3 We only used one argument this time, but we could use as many as we want in a single CALCULATE formula.
Figure 116 Simple pivot – the basis for our first foray into CALCULATE()
Figure 117 Our new measure matches the original measure’s 2002 value in every situation!
The results may align closely with your expectations, though they might not be exactly what you anticipated You may have expected the years 2001 and 2003 to show zeroes for the new measure, and the grand total cell might be puzzling However, it’s likely intuitive that the new measure consistently reflects the 2002 value from the original measure.
Typically, writing a CALCULATE measure that filters a column present in the pivot, such as Sales[Year], is uncommon and often lacks practical application This approach is introduced here to illustrate the concept effectively.

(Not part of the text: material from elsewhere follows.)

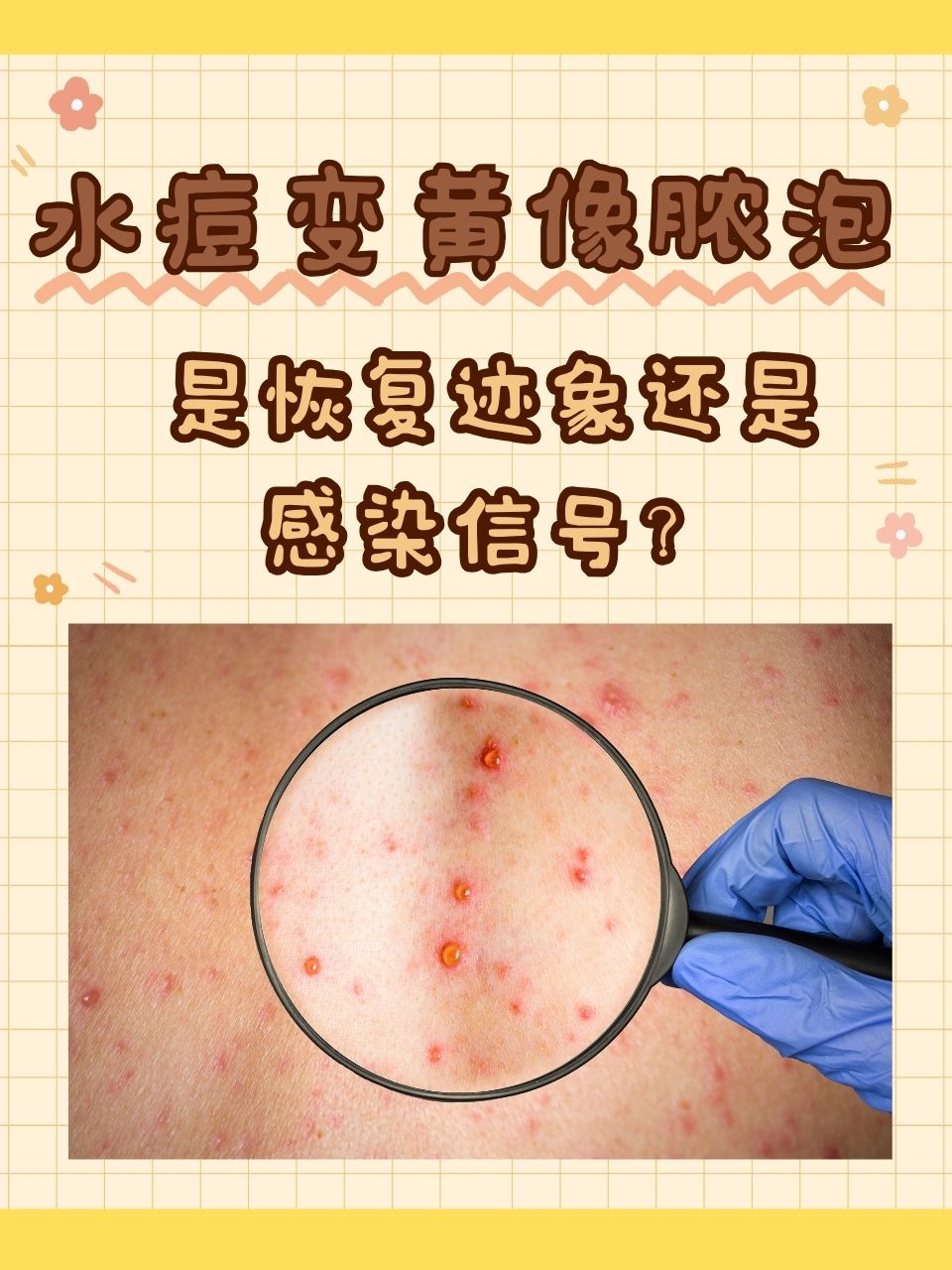 水痘变黄像脓泡:是恢复迹象还是感染信号?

To enhance clarity, we can replace the Year with MonthNum in the pivot, which offers a more logical representation of the data While the overall total remains at $6.5 million, each individual cell now reflects unique sales figures for 2002 corresponding to the MonthNum from the pivot.
Figure 118 Previous results examined: each month of 2002 is returned separately, and the grand total matches all of 2002 Exactly what we want and expect!
To understand the functionality of CALCULATE(), it's essential to analyze its mechanics, as this will clarify some of the surprising outcomes observed in the initial example.
There are three key points to know about CALCULATE(), specifically about the arguments:
The arguments play a crucial role during the "filter" phase of measure calculation by altering the filter context provided by the pivot This modification occurs prior to the application of filters to the source tables and before the arithmetic phase takes place.